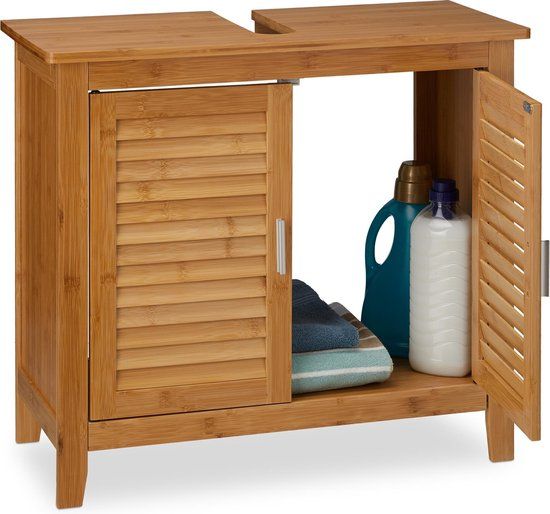 Relaxdays Lamell Bamboo Bathroom Vanity Cabinet - 67cm - Light Brown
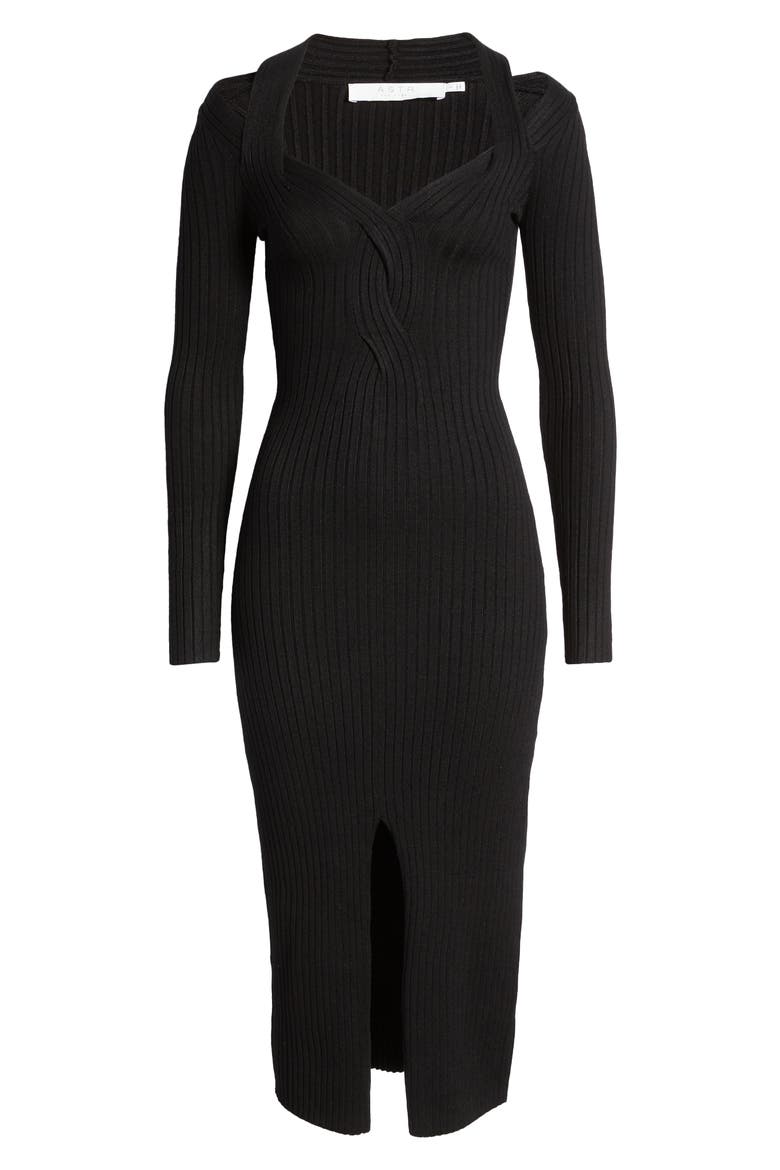 Twist Front Long Sleeve Sweater Dress, Alternate, color, BLACK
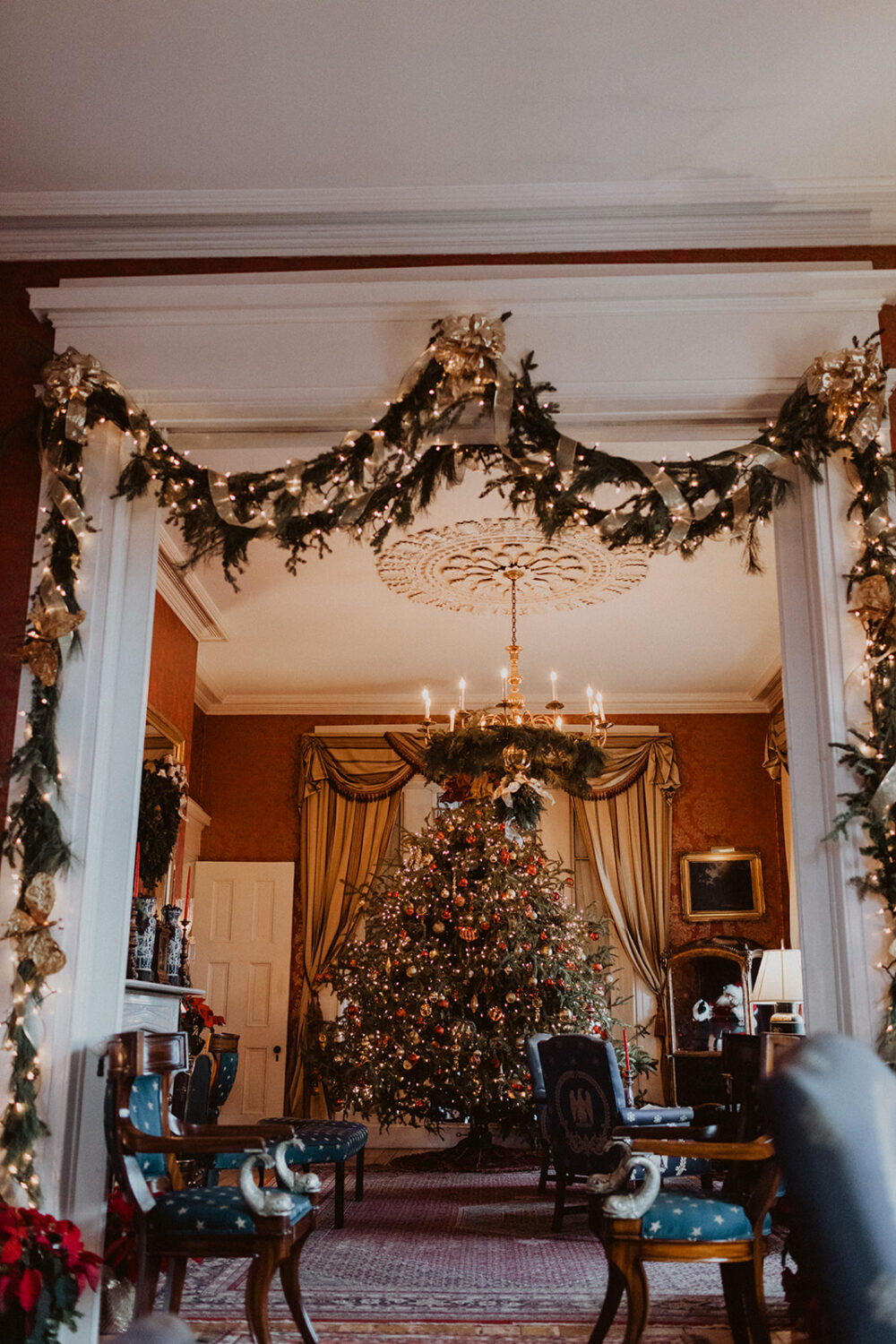 Christmas wedding decorations including Christmas tree 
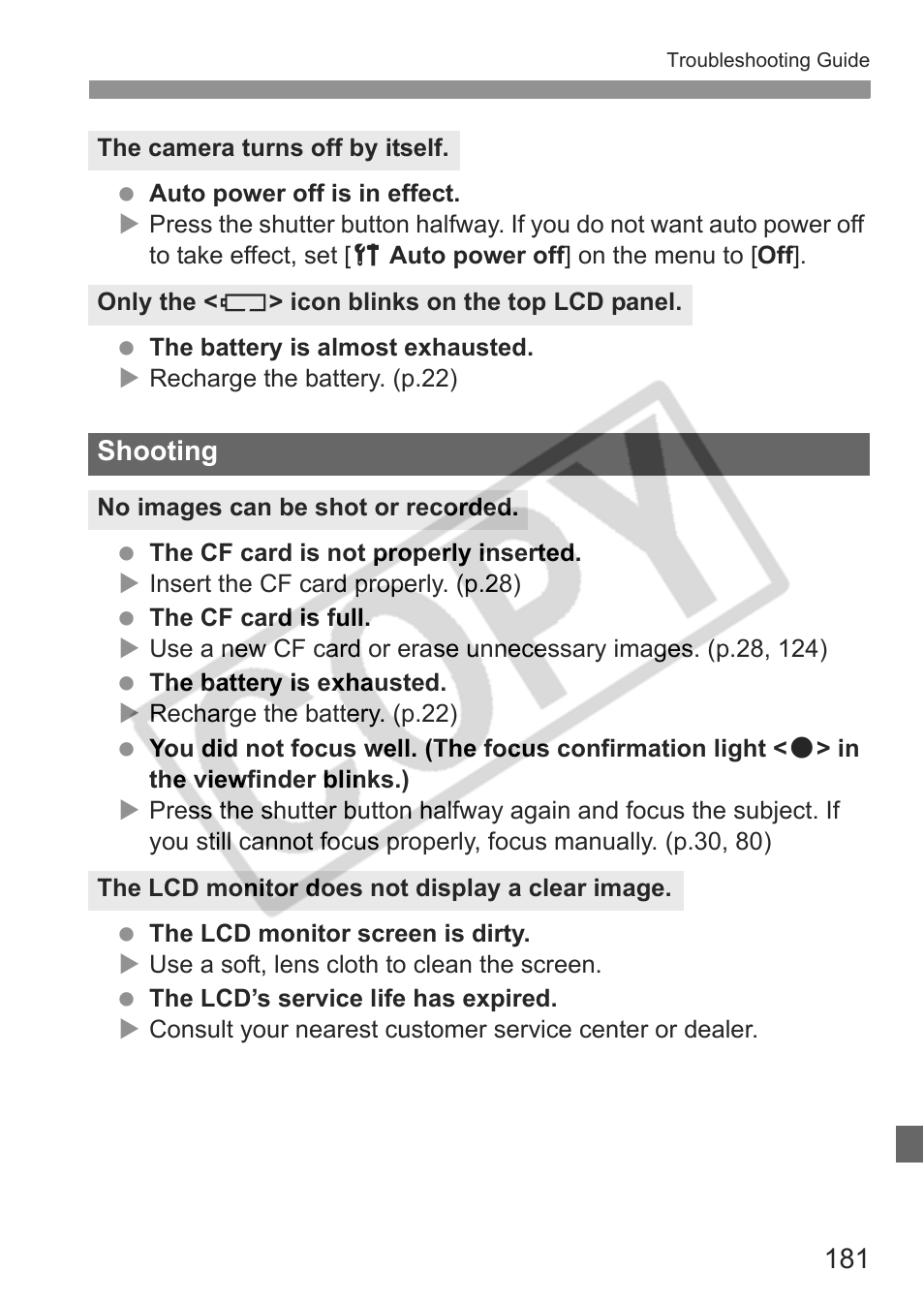 Shooting | Canon EOS 30D User Manual | Page 181 / 200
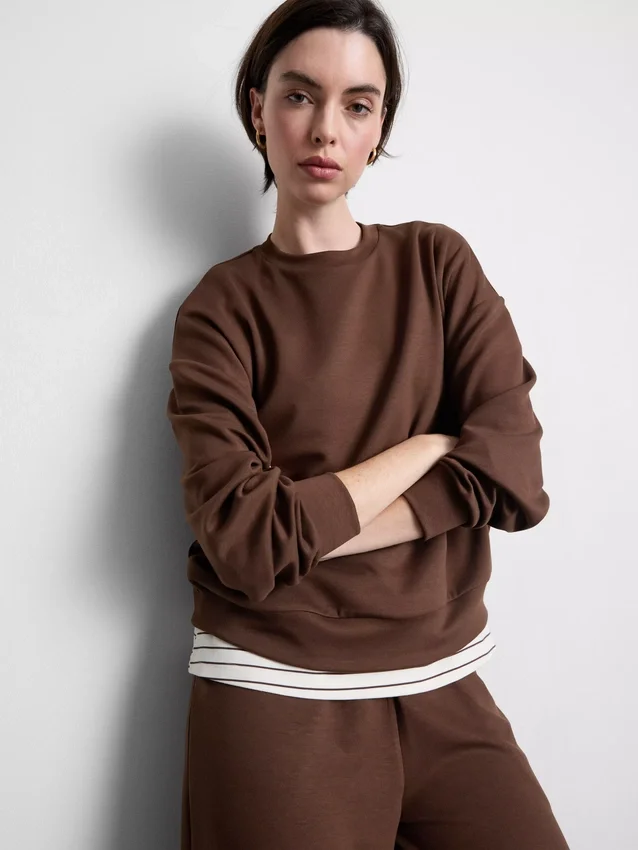 Sportief sweatshirt met ronde hals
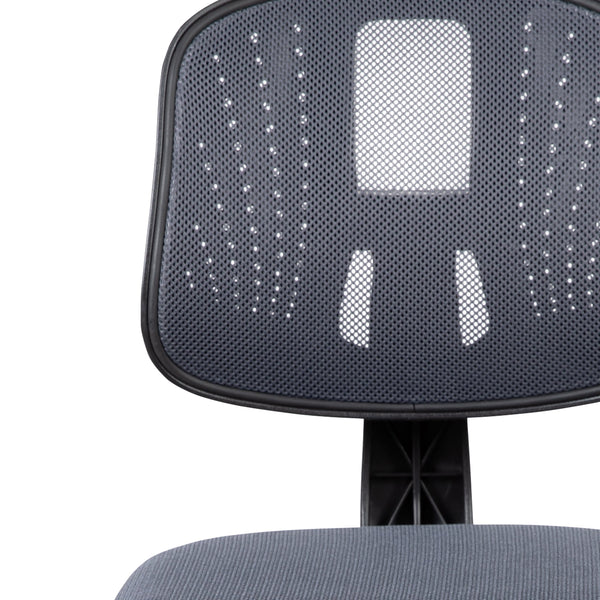 Gray |#| Flash Fundamentals Mid-Back Gray Mesh Swivel Task Office Chair with Pivot Back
—————
Repeat the records above exactly, from the first line through the line containing "Sportief sweatshirt met ronde hals", and leave out the pictures.

# [Exercise solution]
 Relaxdays Lamell Bamboo Bathroom Vanity Cabinet - 67cm - Light Brown
 Twist Front Long Sleeve Sweater Dress, Alternate, color, BLACK
 Christmas wedding decorations including Christmas tree 
 Shooting | Canon EOS 30D User Manual | Page 181 / 200
 Sportief sweatshirt met ronde hals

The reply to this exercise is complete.